Apps make tracking simple. Many let you monitor calories, sodium levels, and sugar intake based on dietary guidelines for Americans. For example, use an app to compare the sugar content in fruit juices versus fresh fruit or measure how much salt is in processed foods.
This builds better habits over time without feeling overwhelming.
Set realistic, gradual reduction goals
Start by reducing added sugars to under 10% of daily calories, as suggested in the Dietary Guidelines for Americans. Then aim for the World Health Organization‘s stricter goal—less than 5%.
Cut back slowly for lasting changes. For example, replace sugar-sweetened beverages like cranberry juice cocktail or soda with water or unsweetened tea.
Tackle one change every two weeks. Try swapping table sugar in recipes with vanilla extract or unsweetened applesauce. Use plain yogurt instead of sweetened versions in breakfast foods or snacks.

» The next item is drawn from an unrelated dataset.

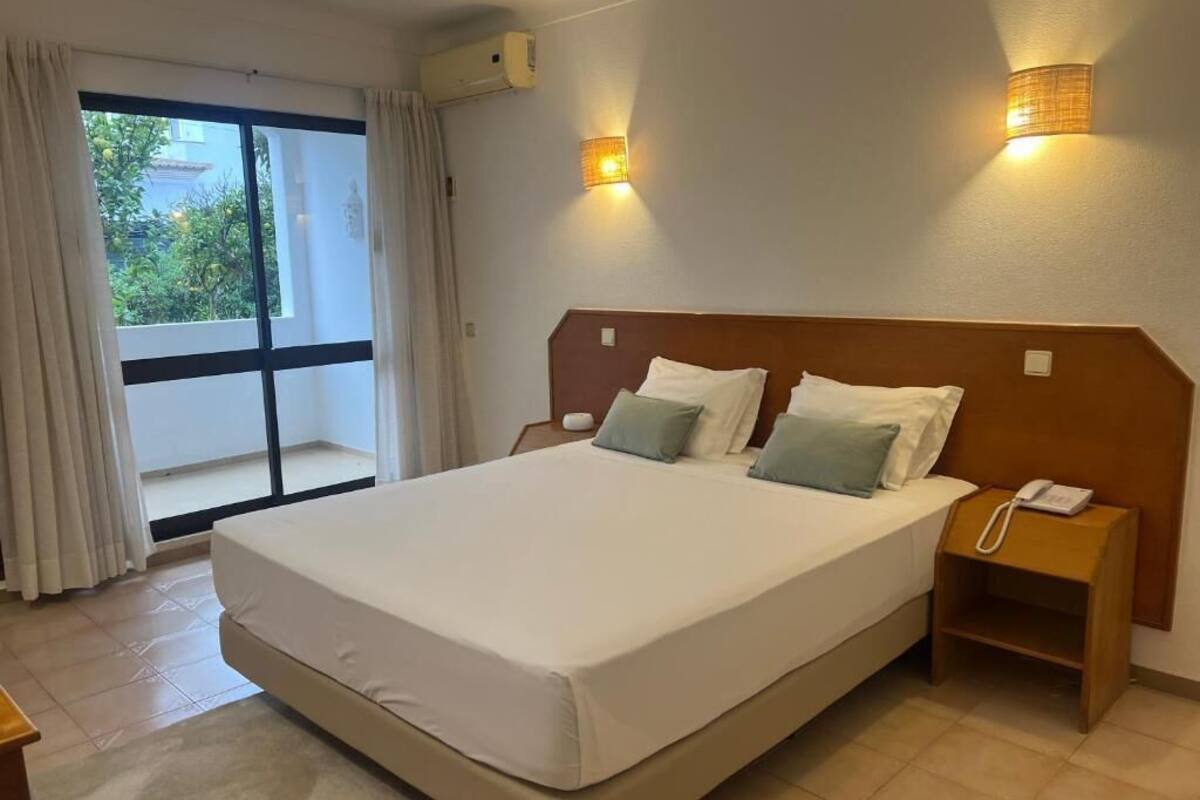 Quarto casal, sacada | Cofres nos quartos, escrivaninha, Wi-Fi de cortesia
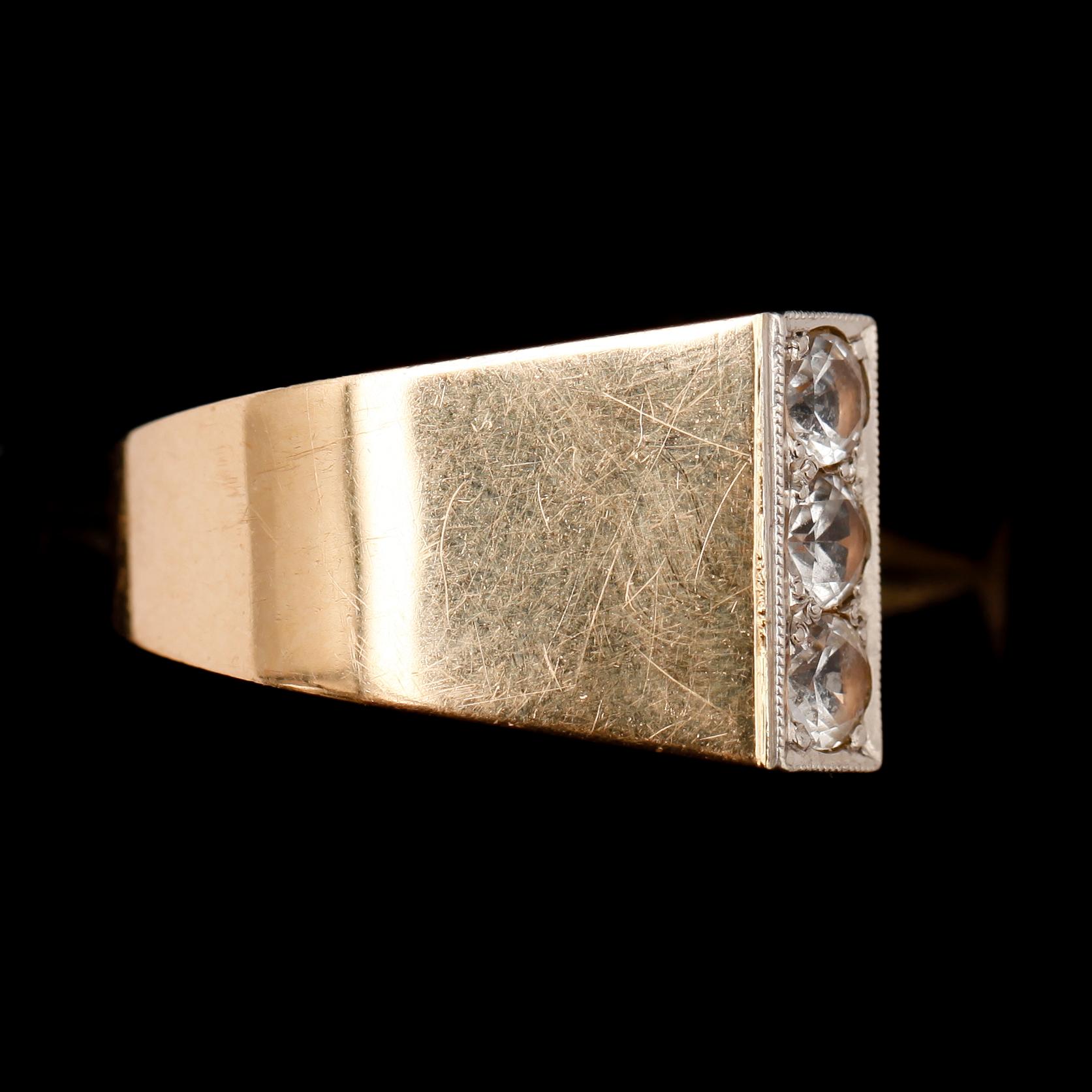 RING, 18 k, med 3 vita stenar. Vikt 4 g.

Gradual shifts help avoid cravings and make adjustments stick long-term. Support from family can also boost success!
Conclusion
Cutting back on sugar and salt can feel tough, but small steps make a big difference. Choose whole foods, check food labels, and cook at home more often. Use natural flavors like herbs or spices to keep meals tasty.
Stick with gradual changes—they lead to lasting health improvements. A healthier diet starts one choice at a time!
For more insights on how incorporating eggs into your diet can balance nutrition and taste, check out our detailed guide here.
References
- https://www.cdc.gov/diabetes/healthy-eating/spotting-hidden-sugars-in-everyday-foods.html (2024-06-17)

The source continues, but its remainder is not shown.